● **About this exercise**
Give only the number of lines in the records that include the string "Apartment".

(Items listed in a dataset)
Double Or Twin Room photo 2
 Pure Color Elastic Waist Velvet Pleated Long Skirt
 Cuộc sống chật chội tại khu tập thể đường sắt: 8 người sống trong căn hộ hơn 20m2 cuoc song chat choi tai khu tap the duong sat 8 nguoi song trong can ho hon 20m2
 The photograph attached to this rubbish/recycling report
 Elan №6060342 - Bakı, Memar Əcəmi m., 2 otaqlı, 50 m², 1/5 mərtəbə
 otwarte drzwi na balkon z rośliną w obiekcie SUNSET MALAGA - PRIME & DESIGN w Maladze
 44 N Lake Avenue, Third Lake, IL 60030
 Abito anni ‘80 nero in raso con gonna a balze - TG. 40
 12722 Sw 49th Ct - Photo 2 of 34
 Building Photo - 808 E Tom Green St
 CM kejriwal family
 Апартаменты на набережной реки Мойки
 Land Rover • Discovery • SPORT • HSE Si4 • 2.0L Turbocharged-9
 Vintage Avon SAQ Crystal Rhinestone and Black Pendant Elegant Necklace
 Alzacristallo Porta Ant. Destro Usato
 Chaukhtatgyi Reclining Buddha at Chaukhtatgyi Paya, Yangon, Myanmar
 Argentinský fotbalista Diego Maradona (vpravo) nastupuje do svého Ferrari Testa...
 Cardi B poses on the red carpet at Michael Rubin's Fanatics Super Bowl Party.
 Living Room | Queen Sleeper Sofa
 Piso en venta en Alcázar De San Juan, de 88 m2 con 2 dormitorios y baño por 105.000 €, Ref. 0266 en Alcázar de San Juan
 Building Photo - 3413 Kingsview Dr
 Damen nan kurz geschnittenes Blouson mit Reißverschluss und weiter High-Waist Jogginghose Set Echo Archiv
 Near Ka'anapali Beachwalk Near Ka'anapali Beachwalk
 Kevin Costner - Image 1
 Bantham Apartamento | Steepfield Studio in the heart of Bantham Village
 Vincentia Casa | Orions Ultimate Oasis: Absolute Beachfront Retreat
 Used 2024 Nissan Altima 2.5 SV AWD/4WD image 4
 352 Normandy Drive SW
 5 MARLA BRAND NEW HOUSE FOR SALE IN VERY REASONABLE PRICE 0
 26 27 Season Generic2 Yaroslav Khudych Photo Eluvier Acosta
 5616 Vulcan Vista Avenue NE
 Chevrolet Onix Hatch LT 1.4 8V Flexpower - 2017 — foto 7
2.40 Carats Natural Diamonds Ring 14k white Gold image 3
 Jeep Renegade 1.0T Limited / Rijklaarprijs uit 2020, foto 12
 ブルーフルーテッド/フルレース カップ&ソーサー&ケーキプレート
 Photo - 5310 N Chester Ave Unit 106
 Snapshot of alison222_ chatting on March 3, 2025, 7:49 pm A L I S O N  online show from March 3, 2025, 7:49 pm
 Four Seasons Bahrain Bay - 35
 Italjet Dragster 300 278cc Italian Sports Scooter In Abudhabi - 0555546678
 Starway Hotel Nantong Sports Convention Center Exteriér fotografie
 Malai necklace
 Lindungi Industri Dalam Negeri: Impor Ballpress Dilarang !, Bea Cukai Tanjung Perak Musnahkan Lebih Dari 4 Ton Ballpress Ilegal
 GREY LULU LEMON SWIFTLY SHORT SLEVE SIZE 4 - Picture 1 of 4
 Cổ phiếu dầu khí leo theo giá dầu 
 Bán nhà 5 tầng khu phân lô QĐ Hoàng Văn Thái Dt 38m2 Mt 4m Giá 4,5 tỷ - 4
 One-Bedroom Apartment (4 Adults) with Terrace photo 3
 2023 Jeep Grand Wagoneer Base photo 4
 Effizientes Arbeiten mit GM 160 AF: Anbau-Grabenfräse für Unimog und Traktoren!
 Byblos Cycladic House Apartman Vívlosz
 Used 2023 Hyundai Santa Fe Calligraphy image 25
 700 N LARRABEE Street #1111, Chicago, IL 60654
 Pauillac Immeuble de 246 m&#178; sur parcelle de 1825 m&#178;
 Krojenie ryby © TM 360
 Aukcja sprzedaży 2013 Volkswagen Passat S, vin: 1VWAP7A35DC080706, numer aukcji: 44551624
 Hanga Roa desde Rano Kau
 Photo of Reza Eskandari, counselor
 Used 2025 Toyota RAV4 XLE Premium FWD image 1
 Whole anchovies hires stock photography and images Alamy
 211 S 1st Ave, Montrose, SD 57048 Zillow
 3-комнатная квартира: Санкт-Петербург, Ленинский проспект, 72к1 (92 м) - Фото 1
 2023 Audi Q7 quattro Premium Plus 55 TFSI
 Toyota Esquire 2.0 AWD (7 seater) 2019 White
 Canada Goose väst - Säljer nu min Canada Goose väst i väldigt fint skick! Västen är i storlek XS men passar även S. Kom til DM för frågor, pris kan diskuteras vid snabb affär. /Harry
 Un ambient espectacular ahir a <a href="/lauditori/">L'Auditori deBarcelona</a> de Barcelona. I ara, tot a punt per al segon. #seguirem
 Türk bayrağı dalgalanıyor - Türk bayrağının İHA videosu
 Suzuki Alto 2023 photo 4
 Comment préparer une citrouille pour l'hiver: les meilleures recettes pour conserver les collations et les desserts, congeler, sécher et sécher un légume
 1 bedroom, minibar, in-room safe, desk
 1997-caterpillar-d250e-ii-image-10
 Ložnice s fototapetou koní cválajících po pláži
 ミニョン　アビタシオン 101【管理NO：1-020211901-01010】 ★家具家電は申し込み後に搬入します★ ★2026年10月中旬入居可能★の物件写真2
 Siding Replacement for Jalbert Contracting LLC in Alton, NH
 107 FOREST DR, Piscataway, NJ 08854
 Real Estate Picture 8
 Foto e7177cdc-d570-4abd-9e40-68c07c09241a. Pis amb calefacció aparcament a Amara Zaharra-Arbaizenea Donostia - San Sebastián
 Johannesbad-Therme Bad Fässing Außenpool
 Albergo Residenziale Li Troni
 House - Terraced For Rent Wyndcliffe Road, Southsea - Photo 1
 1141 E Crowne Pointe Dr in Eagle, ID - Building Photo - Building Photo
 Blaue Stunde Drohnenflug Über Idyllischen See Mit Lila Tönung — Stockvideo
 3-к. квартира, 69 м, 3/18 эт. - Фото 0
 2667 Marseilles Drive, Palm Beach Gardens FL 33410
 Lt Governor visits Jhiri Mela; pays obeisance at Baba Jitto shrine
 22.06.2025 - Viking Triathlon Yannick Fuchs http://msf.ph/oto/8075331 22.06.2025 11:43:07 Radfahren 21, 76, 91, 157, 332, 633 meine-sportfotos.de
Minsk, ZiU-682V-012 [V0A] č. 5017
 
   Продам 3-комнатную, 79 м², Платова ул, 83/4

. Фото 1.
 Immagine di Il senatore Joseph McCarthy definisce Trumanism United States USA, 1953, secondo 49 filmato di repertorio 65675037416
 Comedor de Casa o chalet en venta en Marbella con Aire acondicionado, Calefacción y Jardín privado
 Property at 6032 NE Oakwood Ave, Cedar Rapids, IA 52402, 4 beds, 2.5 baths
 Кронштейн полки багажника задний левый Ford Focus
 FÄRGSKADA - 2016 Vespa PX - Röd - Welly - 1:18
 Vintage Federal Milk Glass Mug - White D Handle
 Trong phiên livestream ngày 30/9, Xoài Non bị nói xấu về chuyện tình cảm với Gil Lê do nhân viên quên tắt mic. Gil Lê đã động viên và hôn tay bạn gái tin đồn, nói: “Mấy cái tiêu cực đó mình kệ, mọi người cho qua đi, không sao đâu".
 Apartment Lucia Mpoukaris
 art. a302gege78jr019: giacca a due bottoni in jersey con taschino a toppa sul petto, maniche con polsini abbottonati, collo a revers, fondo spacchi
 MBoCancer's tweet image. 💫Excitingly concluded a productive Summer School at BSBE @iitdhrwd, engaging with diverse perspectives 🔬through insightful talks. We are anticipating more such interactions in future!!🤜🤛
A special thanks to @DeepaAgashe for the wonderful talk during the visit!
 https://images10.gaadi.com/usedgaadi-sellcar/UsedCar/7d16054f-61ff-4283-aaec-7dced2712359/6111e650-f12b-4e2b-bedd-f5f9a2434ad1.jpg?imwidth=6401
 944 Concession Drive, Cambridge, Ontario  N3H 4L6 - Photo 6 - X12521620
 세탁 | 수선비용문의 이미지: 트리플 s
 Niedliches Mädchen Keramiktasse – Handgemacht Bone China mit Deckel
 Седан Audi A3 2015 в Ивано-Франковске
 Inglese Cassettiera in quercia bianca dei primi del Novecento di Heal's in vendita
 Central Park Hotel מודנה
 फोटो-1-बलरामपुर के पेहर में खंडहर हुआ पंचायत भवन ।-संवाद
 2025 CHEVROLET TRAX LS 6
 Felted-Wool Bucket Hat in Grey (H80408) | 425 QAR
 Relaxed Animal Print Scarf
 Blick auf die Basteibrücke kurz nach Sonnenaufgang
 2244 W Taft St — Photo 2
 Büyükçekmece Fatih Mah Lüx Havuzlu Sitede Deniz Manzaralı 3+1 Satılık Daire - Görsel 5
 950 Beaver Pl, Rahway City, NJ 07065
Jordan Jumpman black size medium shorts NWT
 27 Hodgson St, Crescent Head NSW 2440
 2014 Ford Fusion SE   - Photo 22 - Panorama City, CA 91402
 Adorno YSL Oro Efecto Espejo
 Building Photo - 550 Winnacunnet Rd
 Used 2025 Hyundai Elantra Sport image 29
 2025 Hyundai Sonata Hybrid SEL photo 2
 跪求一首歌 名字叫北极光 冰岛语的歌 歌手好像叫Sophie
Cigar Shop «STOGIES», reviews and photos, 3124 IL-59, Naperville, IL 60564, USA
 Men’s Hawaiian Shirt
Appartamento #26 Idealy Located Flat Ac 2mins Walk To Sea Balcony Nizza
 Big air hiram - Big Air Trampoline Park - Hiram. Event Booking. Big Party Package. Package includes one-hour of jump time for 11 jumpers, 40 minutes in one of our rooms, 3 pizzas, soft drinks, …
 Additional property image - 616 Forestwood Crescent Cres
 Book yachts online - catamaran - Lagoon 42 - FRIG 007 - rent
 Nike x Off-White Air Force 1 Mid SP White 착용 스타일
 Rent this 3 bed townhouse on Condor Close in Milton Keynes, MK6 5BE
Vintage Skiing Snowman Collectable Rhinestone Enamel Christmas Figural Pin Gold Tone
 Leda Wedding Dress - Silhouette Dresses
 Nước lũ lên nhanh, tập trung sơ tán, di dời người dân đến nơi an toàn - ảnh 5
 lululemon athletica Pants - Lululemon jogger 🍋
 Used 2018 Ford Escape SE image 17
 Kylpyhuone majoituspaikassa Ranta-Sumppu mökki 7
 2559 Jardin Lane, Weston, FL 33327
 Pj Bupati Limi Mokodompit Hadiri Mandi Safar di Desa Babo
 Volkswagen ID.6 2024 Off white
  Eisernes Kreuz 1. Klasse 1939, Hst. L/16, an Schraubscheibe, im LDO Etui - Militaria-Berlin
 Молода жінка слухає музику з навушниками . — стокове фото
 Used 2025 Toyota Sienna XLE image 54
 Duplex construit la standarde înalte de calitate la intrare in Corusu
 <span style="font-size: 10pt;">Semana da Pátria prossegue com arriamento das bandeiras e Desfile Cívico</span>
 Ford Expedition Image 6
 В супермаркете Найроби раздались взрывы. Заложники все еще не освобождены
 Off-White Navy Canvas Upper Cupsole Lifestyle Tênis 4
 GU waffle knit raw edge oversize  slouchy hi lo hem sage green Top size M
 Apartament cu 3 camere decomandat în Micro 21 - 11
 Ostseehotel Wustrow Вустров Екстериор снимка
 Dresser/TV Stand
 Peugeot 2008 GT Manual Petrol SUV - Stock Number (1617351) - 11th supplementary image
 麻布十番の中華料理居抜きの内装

● **Exercise answer**
2